*Data supplied*:
= Beginning of Section =
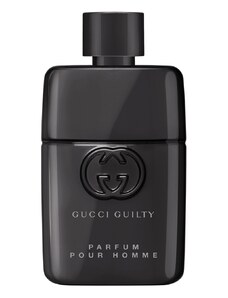 Gucci Guilty Ph Edp Parfüm 50 ml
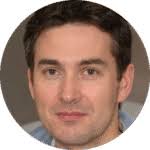 Stop Overthinking: 23 Techniques to Relieve Stress, Stop Negative Spirals,  Declutter Your Mind, and Focus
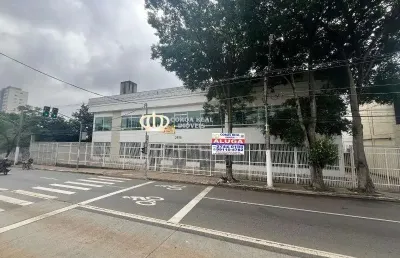 Aluguel de prédio comercial de alto padrão na vila matilde, são paulo-sp: 8 banheiros, 40 vagas de garagem, 2.000m² de área.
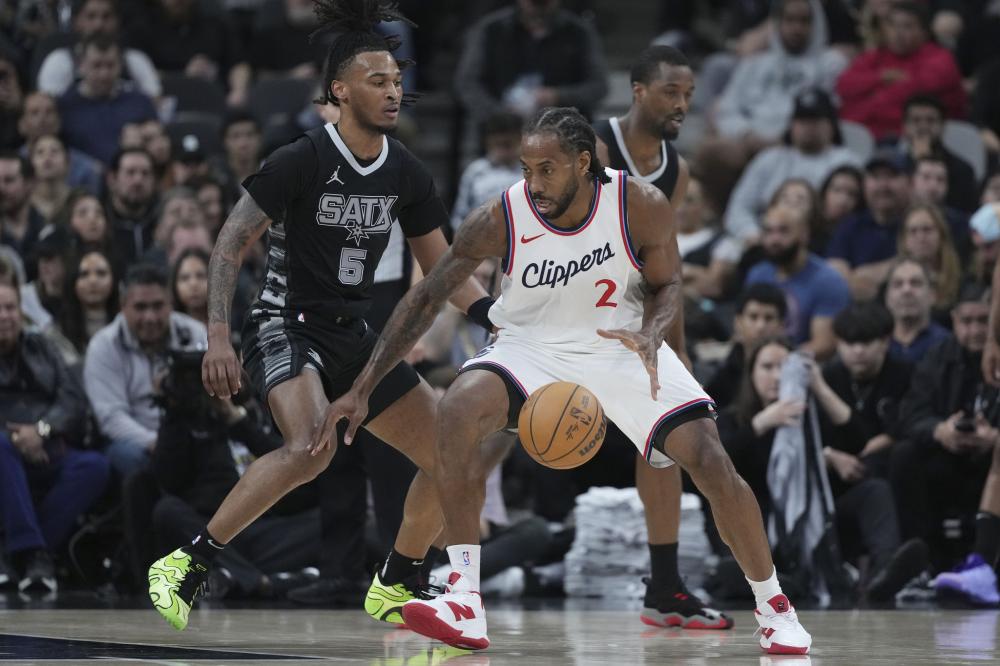 名单中齐齐 名单中齐齐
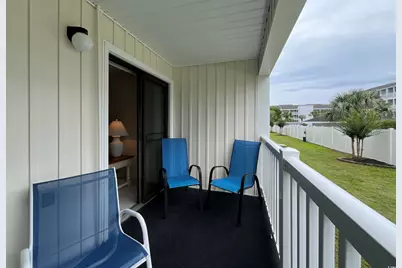 191 Maison Dr. #B-123, Myrtle Beach, SC 29572 - Photo 21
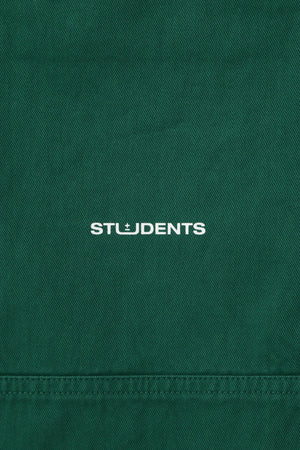 e106bfbc-f153-5546-96a2-13f750644081_Image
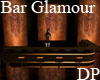 [DP] Bar Glamour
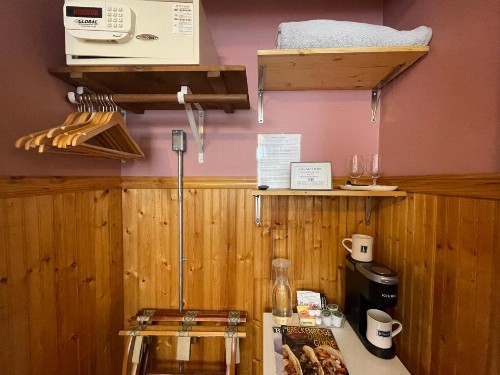 Fireside Inn - image 14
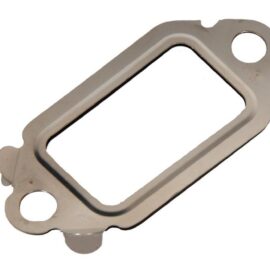 AC DELCO GASKET-EGR VLV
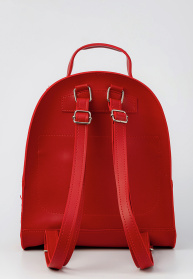 Рюкзаки Romashka модель 104000300103 Фото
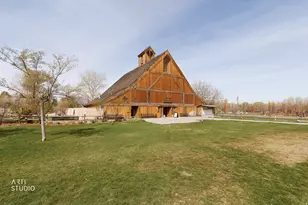 959 E 6795 S, Midvale, UT 84047 - Photo 31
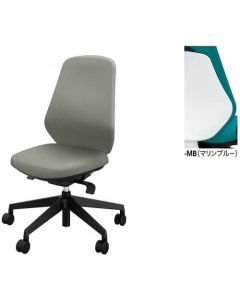 Office chair 1ตัว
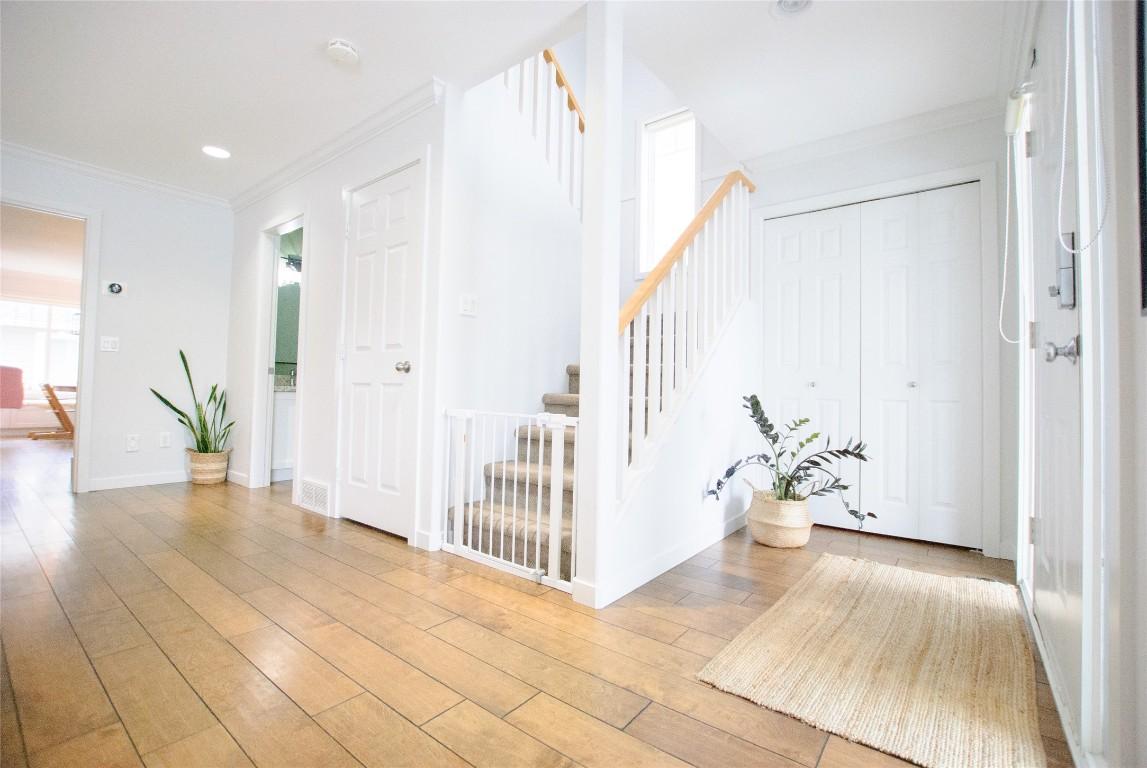 









665


Cook

Road, 104,
Kelowna,




BC
V1W 4T4

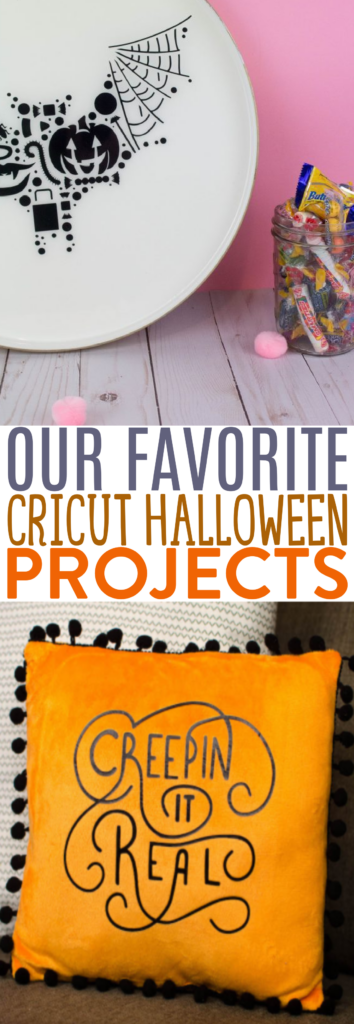 https://d1hgms5vplvogn.cloudfront.net/2020/09/Our-Favorite-Cricut-Halloween-Projects-1-354x1024.png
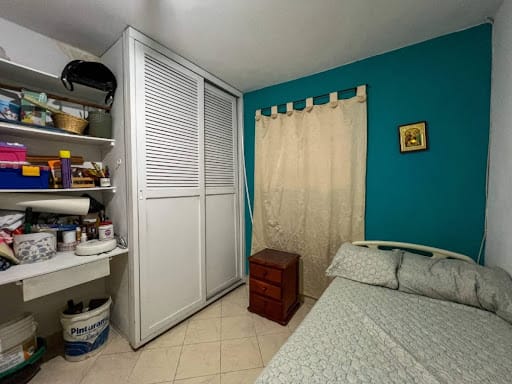 Casa de 6 alcobas en venta en Primavera, Envigado, 300 m² · foto 8 de 22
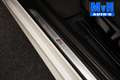 BMW 120 1-serie 120i M Sport Edition|ALCANTARA|H/K AUDIO|C Blanc - thumbnail 5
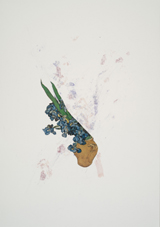 ikebana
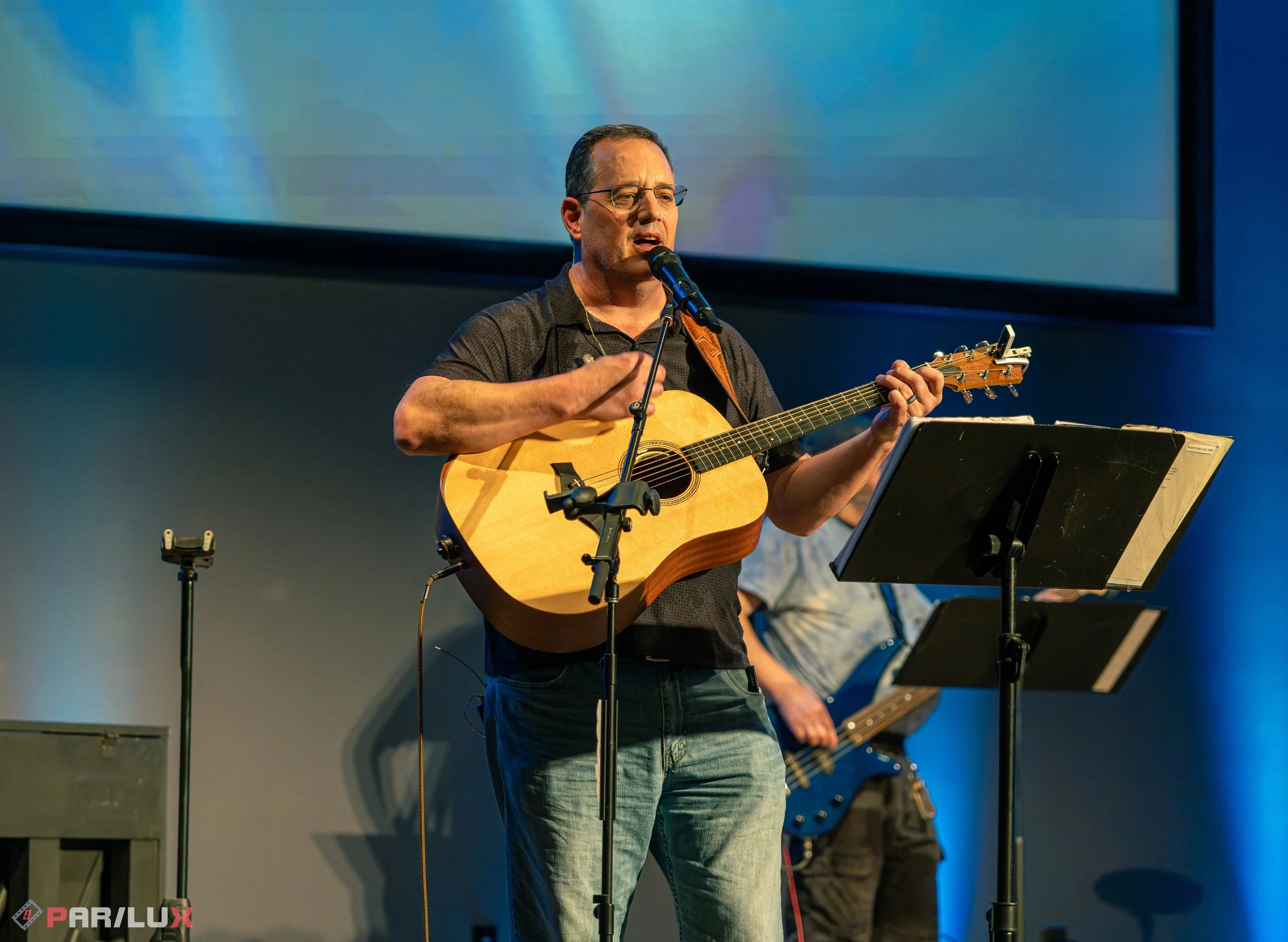 aps_walk_benefit-93 (XL Photo).jpg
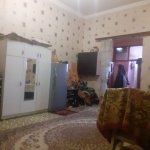 Satılır 1 otaqlı Köhnə Tikili, Bayıl qəs., Səbail rayonu 5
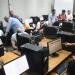 لطلاب الشهادات المعادلة، خطوات التسجيل في اختبارات القدرات وآخر موعد للتسجيل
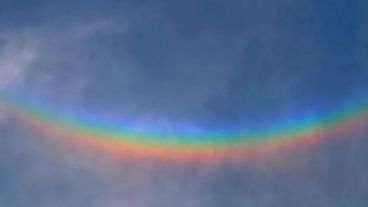 Aprender a ver con el corazón puede salvarnos en estos tiempos.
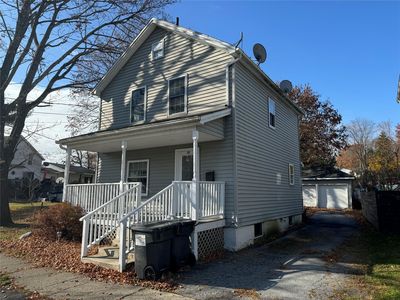 10 Seely Street, Walden, NY, 12586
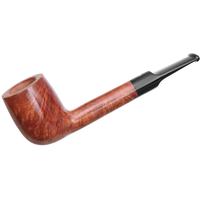 Savinelli Spring (703 KS) (6mm)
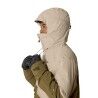 Rab Novaline Jacket - Ski jacket - Men's | Hardloop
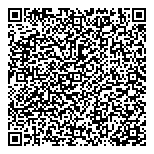 Aquilini Investment Group Inc QR Card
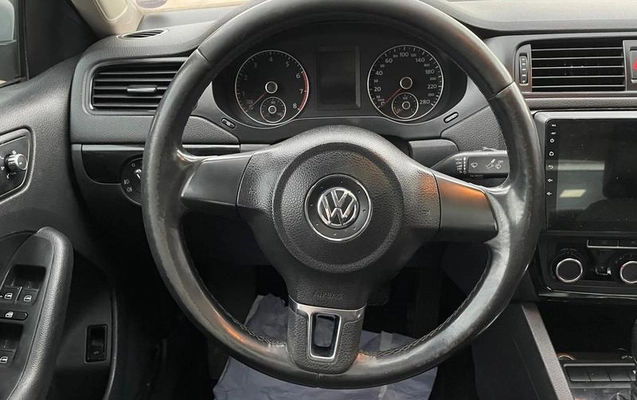 imagem-https://www.socarrao.com.br/sc-vehicle-images-prod/3996304/1789999181045-8192081_6_B_cc81cb1fbf.jpeg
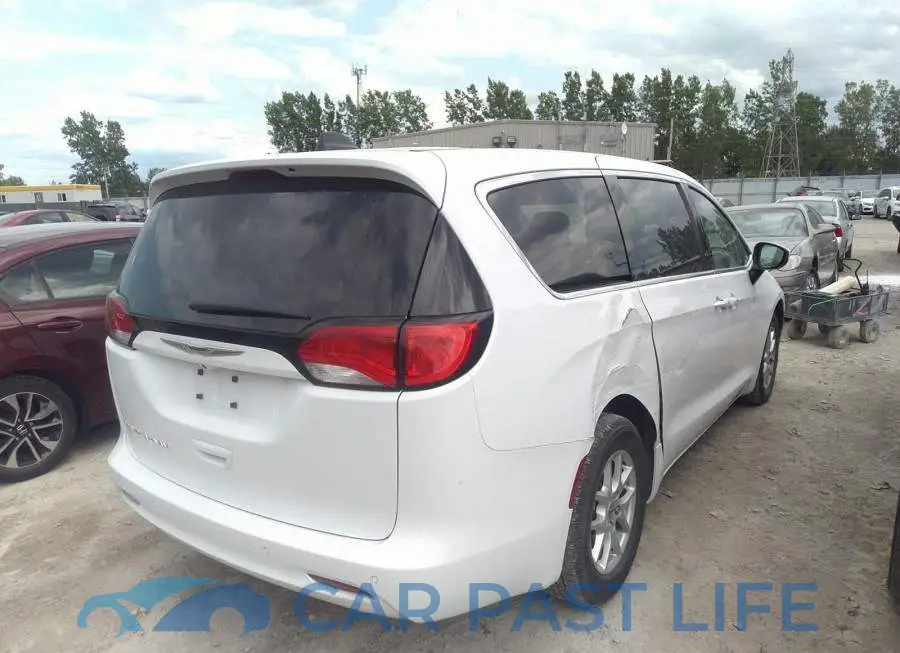 2C4RC1ZG7NR125059# 4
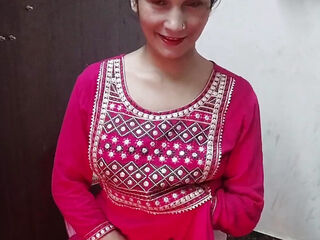 Cute Step Sister Ko New Dress Dilwa Kar Jabar Dasti Pel
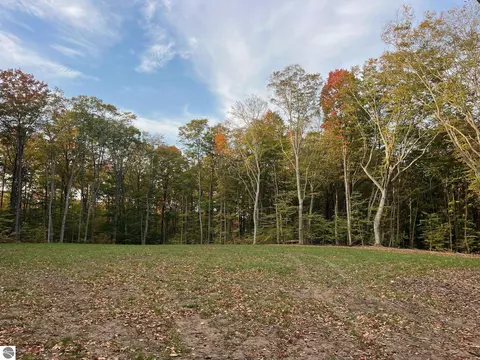 03 S Bright Rd, Maple City, MI 49664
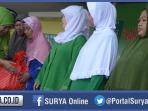 menteri-sosial-khofifah-indar-parawansa-agus-dw-martowardojo.jpg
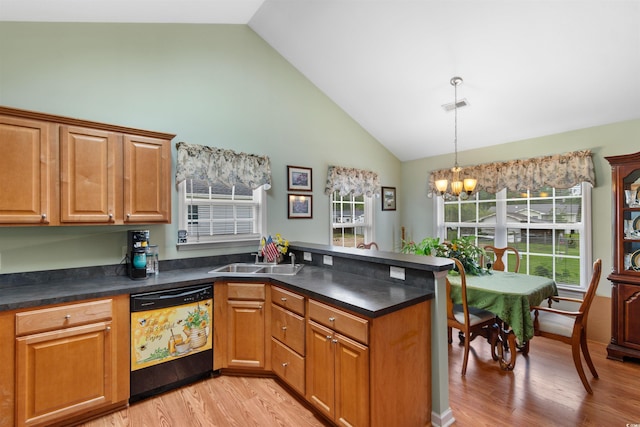 1206 Anderson St, Conway, SC 29526 - photo 11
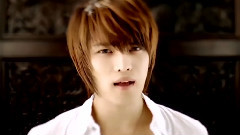 东方神起 - Why Did I Fall In Love With You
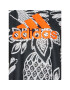 adidas Top FARM Rio Tank Top HI5219 Čierna Regular Fit - Pepit.sk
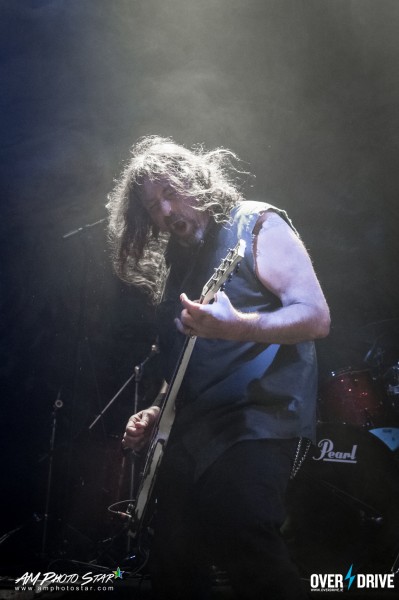 Corrosion of Conformity-6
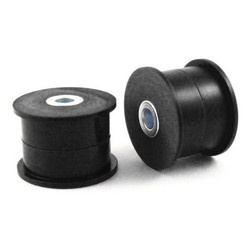 Front wishbone bushings (front) - MPBS COMFORT SERIES: 4502748 Opel Omega B,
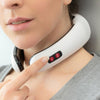 Neck Massager - Nackenmassagegerät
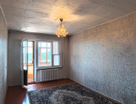 1-к. квартира, 30,8 м²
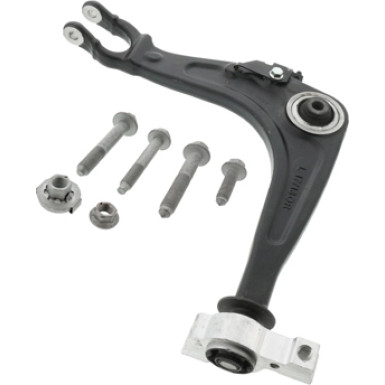 821 0678 10 Lenker, Radaufhängung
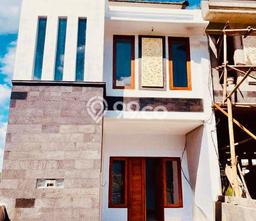 For Sale Rumah 2 Kamar Lokasi Ideal Nyaman dan Strategis di Kerambitan For Sale Rumah 2 Kamar Lokasi Ideal Nyaman dan Strategis di Kerambitan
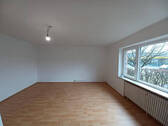 Wohnraum - 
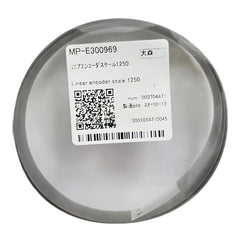 MP-E300969 - Original Mimaki Encoder Scale Encoder Strip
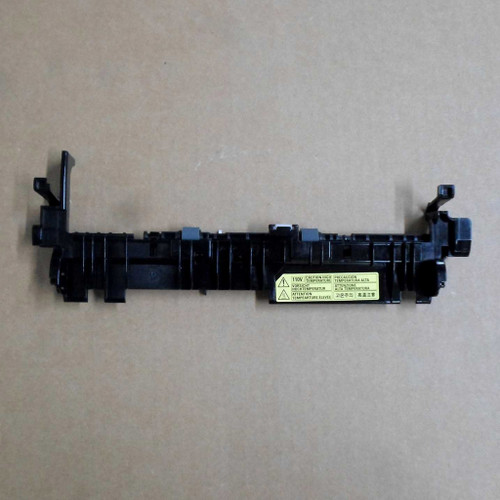 FUSER-REAR;ML-2950ND,WORLD,110V - HP Genuine Replacement Spare Parts - JC91-01037A-HP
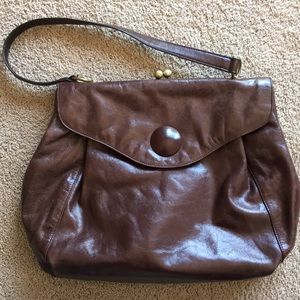 Hobo International Handbag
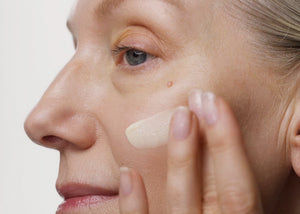 #6 The Rejuvenating Night Crème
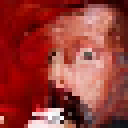[Uncaptioned image]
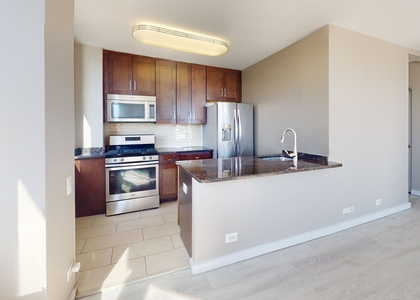 East 34th Street - Photo 1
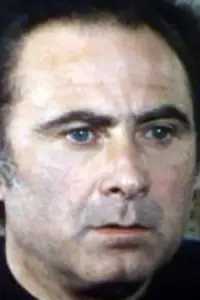 Photo Marius Balbinot #350718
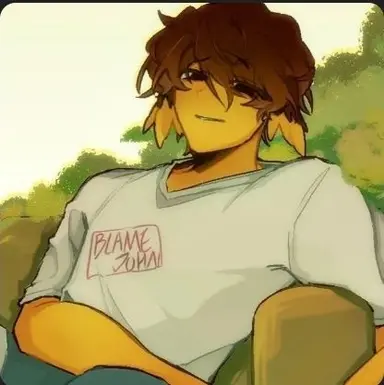 Profile image of 셰들레츠키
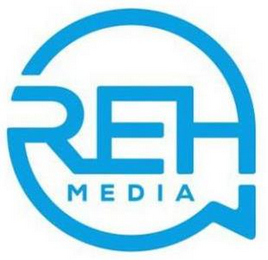 REH MEDIA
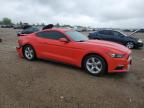 2017 Ford Mustang  for Sale in Elgin, IL - Rear End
= End of Section =
Every record must be copied exactly, with the pictures left out.

*Response box*:
 Gucci Guilty Ph Edp Parfüm 50 ml
 Stop Overthinking: 23 Techniques to Relieve Stress, Stop Negative Spirals,  Declutter Your Mind, and Focus
 Aluguel de prédio comercial de alto padrão na vila matilde, são paulo-sp: 8 banheiros, 40 vagas de garagem, 2.000m² de área.
 名单中齐齐 名单中齐齐
 191 Maison Dr. #B-123, Myrtle Beach, SC 29572 - Photo 21
 e106bfbc-f153-5546-96a2-13f750644081_Image
 [DP] Bar Glamour
 Fireside Inn - image 14
 AC DELCO GASKET-EGR VLV
 Рюкзаки Romashka модель 104000300103 Фото
 959 E 6795 S, Midvale, UT 84047 - Photo 31
 Office chair 1ตัว









665


Cook

Road, 104,
Kelowna,




BC
V1W 4T4

 https://d1hgms5vplvogn.cloudfront.net/2020/09/Our-Favorite-Cricut-Halloween-Projects-1-354x1024.png
 Casa de 6 alcobas en venta en Primavera, Envigado, 300 m² · foto 8 de 22
 BMW 120 1-serie 120i M Sport Edition|ALCANTARA|H/K AUDIO|C Blanc - thumbnail 5
 ikebana
 aps_walk_benefit-93 (XL Photo).jpg
 Satılır 1 otaqlı Köhnə Tikili, Bayıl qəs., Səbail rayonu 5
 لطلاب الشهادات المعادلة، خطوات التسجيل في اختبارات القدرات وآخر موعد للتسجيل
 Aprender a ver con el corazón puede salvarnos en estos tiempos.
 10 Seely Street, Walden, NY, 12586
 Savinelli Spring (703 KS) (6mm)
 Rab Novaline Jacket - Ski jacket - Men's | Hardloop
 Aquilini Investment Group Inc QR Card
 imagem-https://www.socarrao.com.br/sc-vehicle-images-prod/3996304/1789999181045-8192081_6_B_cc81cb1fbf.jpeg
 2C4RC1ZG7NR125059# 4
 Cute Step Sister Ko New Dress Dilwa Kar Jabar Dasti Pel
 03 S Bright Rd, Maple City, MI 49664
 menteri-sosial-khofifah-indar-parawansa-agus-dw-martowardojo.jpg
 1206 Anderson St, Conway, SC 29526 - photo 11
 东方神起 - Why Did I Fall In Love With You
 adidas Top FARM Rio Tank Top HI5219 Čierna Regular Fit - Pepit.sk
 Corrosion of Conformity-6
 Front wishbone bushings (front) - MPBS COMFORT SERIES: 4502748 Opel Omega B,
 Neck Massager - Nackenmassagegerät
 1-к. квартира, 30,8 м²
 821 0678 10 Lenker, Radaufhängung
 For Sale Rumah 2 Kamar Lokasi Ideal Nyaman dan Strategis di Kerambitan For Sale Rumah 2 Kamar Lokasi Ideal Nyaman dan Strategis di Kerambitan
 Wohnraum - 
 MP-E300969 - Original Mimaki Encoder Scale Encoder Strip
 FUSER-REAR;ML-2950ND,WORLD,110V - HP Genuine Replacement Spare Parts - JC91-01037A-HP
 Hobo International Handbag
 #6 The Rejuvenating Night Crème
[Uncaptioned image]
 East 34th Street - Photo 1
 Photo Marius Balbinot #350718
 Profile image of 셰들레츠키
 REH MEDIA
 2017 Ford Mustang  for Sale in Elgin, IL - Rear End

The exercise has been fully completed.